The Nets reeled off a 10-0 run as Utah went scoreless for a 4:25 stretch, mustering only four turnovers, a Kirilenko trey-try airball and misses from Matt Harpring, Jarron Collins and McLeod over nine straight possessions.
Sloan said the Jazz "didn't have any semblance of order out there at all." McLeod, the point at the time of the dry spell, said they "were getting out-hustled for loose balls and everything." Collins said they've "got to play hard basketball" and "control the tempo by executing," and that when they "don't do those things, we'll get beat."
Planicic said goodnight, Utah.
"That was a huge shot," New Jersey's Richard Jefferson said.
It was, sending the Nets into the fourth up 72-57.
But it wasn't necessarily the payback on fate that it might have seemed.

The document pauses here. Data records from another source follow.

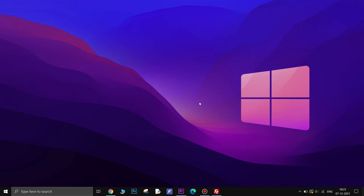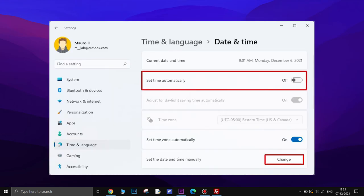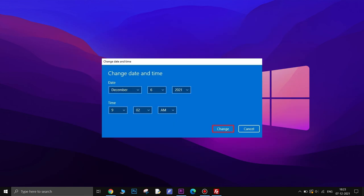Another way you can fix this is by adjusting the clock manually. Open Settings again. Click on Time and Language. Click the Date and Time page on the right side. Turn off the Set Time Automatically toggle switch. Now click the Change button for the Set the Date and Time manually setting. Correct the date and time and then click the Change button.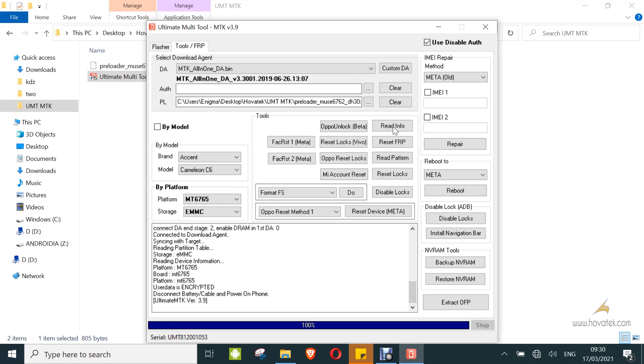So that's how to bypass that. It doesn't matter. You can see it is a secure boot device using UMT MTK.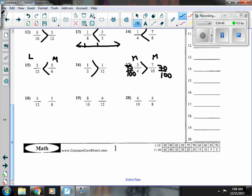Number eighteen, five-twelfths is less than a half, and one-eighth is less than a half. Just like on number thirteen, five-twelfths is really, really close to a half — it's only one-twelfth away — and one-eighth is very far from a half, so I know that five-twelfths is bigger.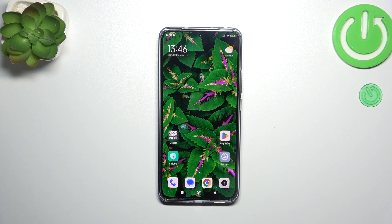Hi everyone. In front of me I've got Xiaomi 13T Pro and let me share with you how to use secret codes on this device.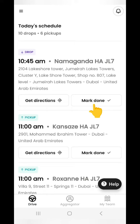Once you are at the location and drop the professional at the customer's building, press the mark done button to notify the system. Now the same professional will be seen for pickup in the list, but as per the job end time in the list.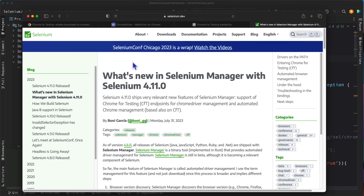Hello everyone, welcome back. Today we are going to see Selenium Java version 4.11. There is a change in the way that the Selenium Manager is handled. You can also read the official Selenium blog to understand more about the changes they have introduced in the Selenium Manager for 4.11. I'll briefly explain what exactly they've written and how the changes are impacting your codebase.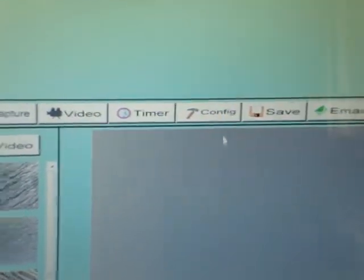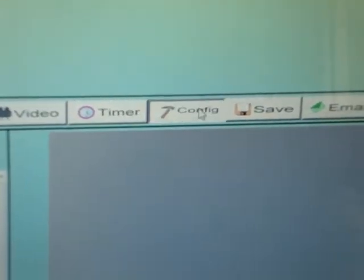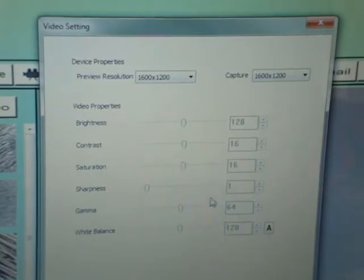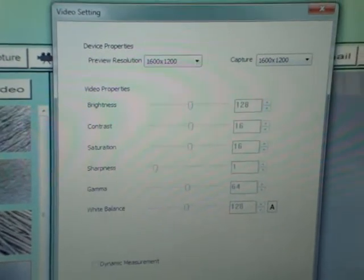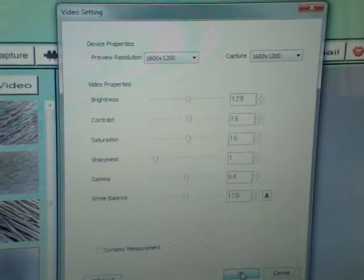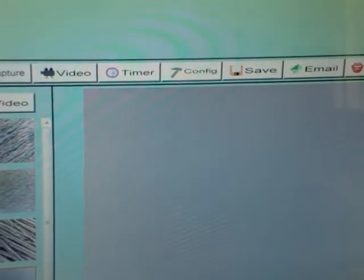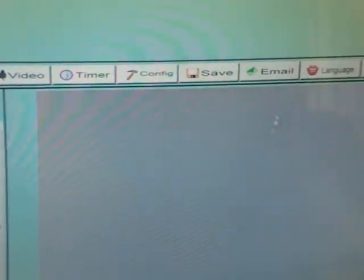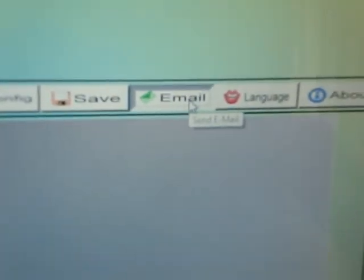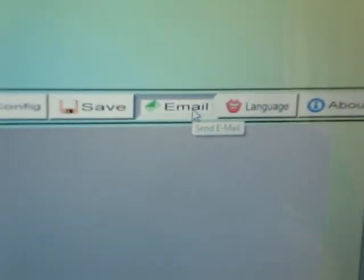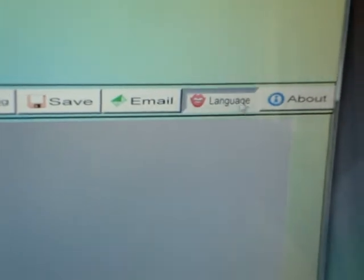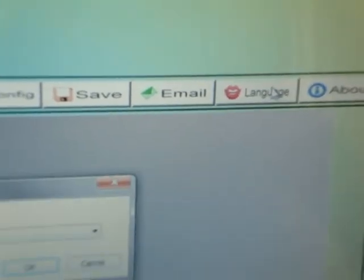Configuration settings can be adjusted to suit your requirements. Email icon can be used if one requires to directly mail the image taken. Fourteen language options are there for you to choose from.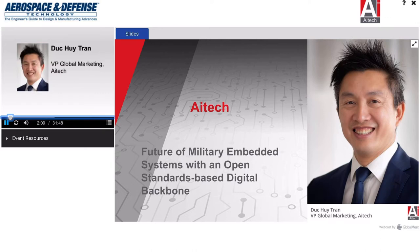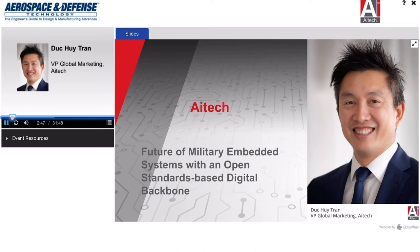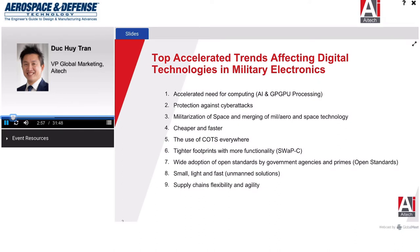Thank you, Bruce, for the introduction. I hope everyone can hear me well, and welcome everyone to this presentation from AI Tech. From the introduction, you see the topic is open-standard-based digital backbone. What I'll be discussing today is how we came to this conclusion. I'll be talking about what it is, what it does, and share some of the trends that lead us to this digital backbone concept. We'll also be sharing some examples and talk about a few benefits. But before we get to why we came up with this concept, let's talk about some of the trends that lead us to these conclusions.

Rather, the Jazz say it simply was the result of a breakdown in the basics.
"We practice that over and over," Collins said.

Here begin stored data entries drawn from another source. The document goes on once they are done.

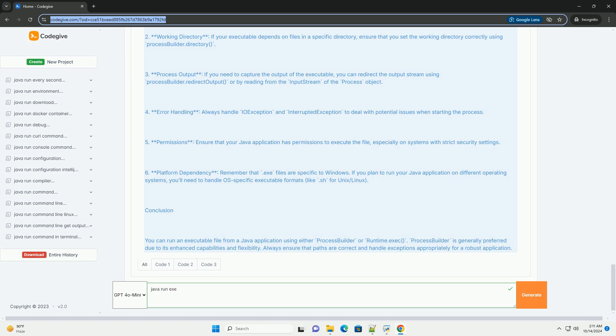Process output: if you need to capture the output of the executable, you can redirect the output stream using ProcessBuilder.redirectOutput, or by reading from the input stream of the process object.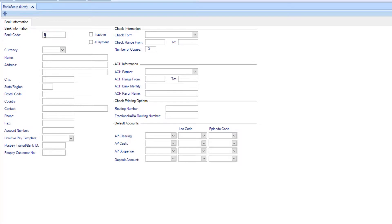Enter a code that will help you recognize the bank. For instance, an abbreviated version of the bank name. This code can be from 1 to 4 digits in length and a combination of letters and numbers.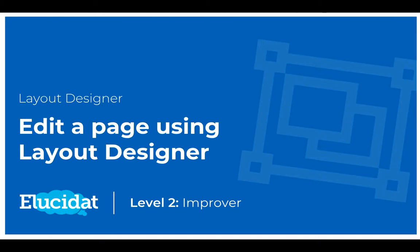Hello Elucidat users and welcome to this level 2 video on Layout Designer. In this video I'm going to show you how you can edit an existing page using Layout Designer.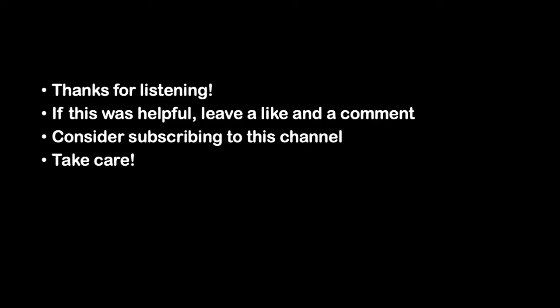Thanks for listening. If this was helpful, leave a like and a comment. Consider subscribing to this channel. Take care.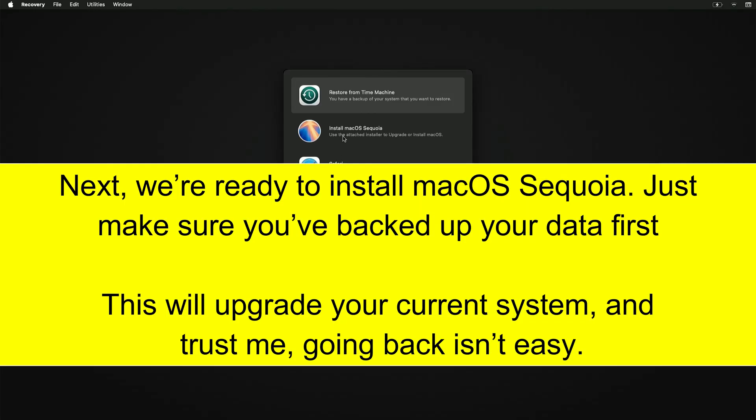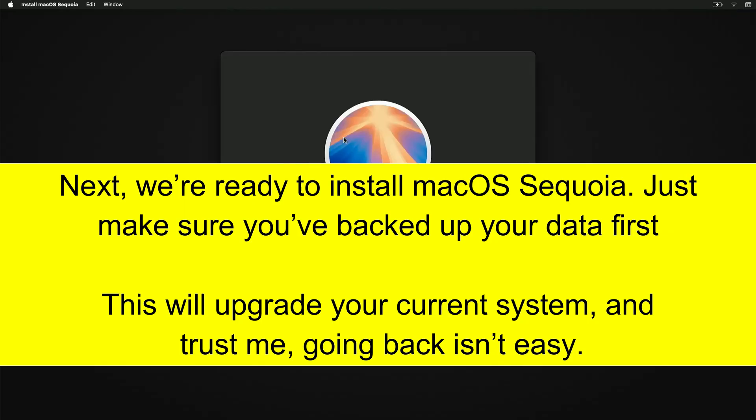Next, we're ready to install macOS Sequoia. Just make sure you've backed up your data first. This will upgrade your current system, and trust me, going back isn't easy.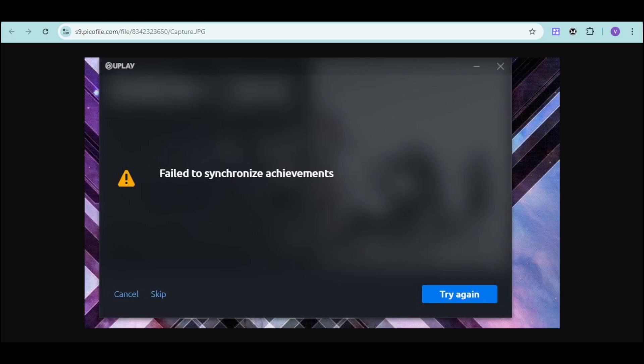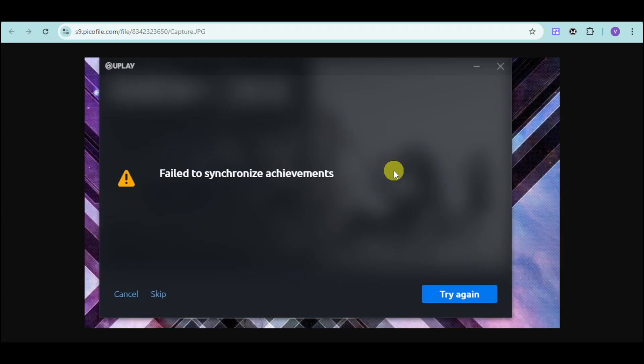Hi, in this video I will show you how to fix Ubisoft fail to synchronize achievement. So if you're having this kind of trouble and it's actually unskippable and unresolvable, then you're in the right video because I will show you how to fix that.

"We've always had a rule in the last second or so: get next to your man," Sloan added. "We weren't even close to the guy."
And the Jazz weren't ever close to the Nets in the fourth.
With Jefferson scoring 17 and dishing 12 assists, and with Vince Carter scoring a game-high 21 points featuring one highlight clip after another, and with Jason Kidd posting 11 points along with his seven assists, and with center Nenad Kristic trumping his season scoring average by scoring 18 on 7-of-9 field shooting, New Jersey had no trouble holding its lead.
Jefferson did the most damage, finishing one rebound shy of a triple-double and making it seem something wasn't quite right with primary defender Kirilenko.
"We had a lot of guys that weren't 'all right,' " Sloan said when asked about Kirilenko, who complained afterward of nothing more than bloody knees. "They make you look like you're not all right sick, or something."
Sloan did change things up a bit to try to overcome the Nets' big advantage, inserting No. 3 point Milt Palacio at the start of the final quarter instead of rookie Williams and benching Mehmet Okur, who had been averaging 23.5 but finished Wednesday with only two points, for all of the last period.
But none of that worked as the Jazz could not come closer than seven in the fourth.
Harpring, for one, suspects he knows why.
"When you're on the road," he said after the Jazz finished the second outing in a four-game Eastern swing that resumes Friday at Toronto, "it just takes a couple plays to get behind. . . . The next thing you know it's an eight-point game, 10-point game.
"Now you're trying to play catch-up, and that's not our style, really. We're good with the lead, or we're good with a close game but when we try to play catch-up, we start forcing things."We've just got to trust our offense," he added. "It works."